UNLABELLED: Specific recognition of DNA by proteins is a crucial step of many biological processes. PDIviz is a plugin for the PyMOL molecular visualization system that analyzes protein-DNA binding interfaces by comparing the solvent accessible surface area of the complex against the free protein and free DNA. The plugin provides three distinct three-dimensional visualization modes to highlight interactions with DNA bases and backbone, major and minor groove, and with atoms of different pharmacophoric type (hydrogen bond donors/acceptors, hydrophobic and thymine methyl). Each mode comes in three styles to focus the visual analysis on the protein or DNA side of the interface, or on the nucleotide sequence. PDIviz allows for the generation of publication quality images, all calculated data can be written to disk, and a command line interface is provided for automating tasks. The plugin may be helpful for the detailed identification of regions involved in DNA base and shape readout, and can be particularly useful in rapidly pinpointing the overall mode of interaction.

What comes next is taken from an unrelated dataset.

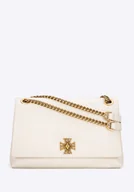 Torebki damskie - Damska listonoszka ze skóry naturalnej na łańcuszku kremowa - miniaturka - grafika 1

AVAILABILITY AND IMPLEMENTATION: Freely available at http://melolab.org/pdiviz/ as a PyMOL plugin. Tested with incentive, educational, and open source versions of PyMOL on Windows, Mac and Linux systems. CONTACT: aschueller@bio.puc.cl SUPPLEMENTARY INFORMATION: Supplementary data are available at Bioinformatics online.
© The Author 2015. Published by Oxford University Press.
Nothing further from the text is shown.